MATERIALS PROVIDED below:
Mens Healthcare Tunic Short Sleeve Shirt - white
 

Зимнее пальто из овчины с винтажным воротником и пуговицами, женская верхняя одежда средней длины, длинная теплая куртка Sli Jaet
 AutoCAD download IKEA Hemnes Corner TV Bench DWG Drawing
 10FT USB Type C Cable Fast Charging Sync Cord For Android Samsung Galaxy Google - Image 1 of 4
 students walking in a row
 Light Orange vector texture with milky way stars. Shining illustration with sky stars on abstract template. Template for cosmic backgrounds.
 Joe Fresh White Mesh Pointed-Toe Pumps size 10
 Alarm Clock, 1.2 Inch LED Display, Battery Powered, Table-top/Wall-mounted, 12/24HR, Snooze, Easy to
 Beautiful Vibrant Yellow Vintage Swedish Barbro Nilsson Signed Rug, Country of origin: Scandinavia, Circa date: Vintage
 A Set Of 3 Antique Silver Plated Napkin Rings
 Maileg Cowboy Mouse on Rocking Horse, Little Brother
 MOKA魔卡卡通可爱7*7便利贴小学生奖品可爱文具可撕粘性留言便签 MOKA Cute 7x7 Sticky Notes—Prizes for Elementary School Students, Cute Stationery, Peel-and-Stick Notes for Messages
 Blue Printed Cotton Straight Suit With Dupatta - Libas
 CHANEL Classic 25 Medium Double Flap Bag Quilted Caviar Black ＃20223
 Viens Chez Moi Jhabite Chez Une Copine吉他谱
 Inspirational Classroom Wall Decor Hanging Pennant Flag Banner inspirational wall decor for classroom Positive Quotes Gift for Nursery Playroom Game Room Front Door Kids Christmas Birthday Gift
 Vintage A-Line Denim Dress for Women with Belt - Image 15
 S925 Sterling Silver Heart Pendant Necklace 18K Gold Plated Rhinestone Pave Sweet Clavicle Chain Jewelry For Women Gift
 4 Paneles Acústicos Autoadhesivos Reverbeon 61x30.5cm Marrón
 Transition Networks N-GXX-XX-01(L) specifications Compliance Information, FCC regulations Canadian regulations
End of MATERIALS PROVIDED.
» **DIRECTIONS FOR THIS TASK**
Quote verbatim the line containing "Зимнее пальто из" and every line after it through the end of the records above.

» **YOUR RESPONSE**
Зимнее пальто из овчины с винтажным воротником и пуговицами, женская верхняя одежда средней длины, длинная теплая куртка Sli Jaet
 AutoCAD download IKEA Hemnes Corner TV Bench DWG Drawing
 10FT USB Type C Cable Fast Charging Sync Cord For Android Samsung Galaxy Google - Image 1 of 4
 students walking in a row
 Light Orange vector texture with milky way stars. Shining illustration with sky stars on abstract template. Template for cosmic backgrounds.
 Joe Fresh White Mesh Pointed-Toe Pumps size 10
 Alarm Clock, 1.2 Inch LED Display, Battery Powered, Table-top/Wall-mounted, 12/24HR, Snooze, Easy to
 Beautiful Vibrant Yellow Vintage Swedish Barbro Nilsson Signed Rug, Country of origin: Scandinavia, Circa date: Vintage
 A Set Of 3 Antique Silver Plated Napkin Rings
 Maileg Cowboy Mouse on Rocking Horse, Little Brother
 MOKA魔卡卡通可爱7*7便利贴小学生奖品可爱文具可撕粘性留言便签 MOKA Cute 7x7 Sticky Notes—Prizes for Elementary School Students, Cute Stationery, Peel-and-Stick Notes for Messages
 Blue Printed Cotton Straight Suit With Dupatta - Libas
 CHANEL Classic 25 Medium Double Flap Bag Quilted Caviar Black ＃20223
 Viens Chez Moi Jhabite Chez Une Copine吉他谱
 Inspirational Classroom Wall Decor Hanging Pennant Flag Banner inspirational wall decor for classroom Positive Quotes Gift for Nursery Playroom Game Room Front Door Kids Christmas Birthday Gift
 Vintage A-Line Denim Dress for Women with Belt - Image 15
 S925 Sterling Silver Heart Pendant Necklace 18K Gold Plated Rhinestone Pave Sweet Clavicle Chain Jewelry For Women Gift
 4 Paneles Acústicos Autoadhesivos Reverbeon 61x30.5cm Marrón
 Transition Networks N-GXX-XX-01(L) specifications Compliance Information, FCC regulations Canadian regulations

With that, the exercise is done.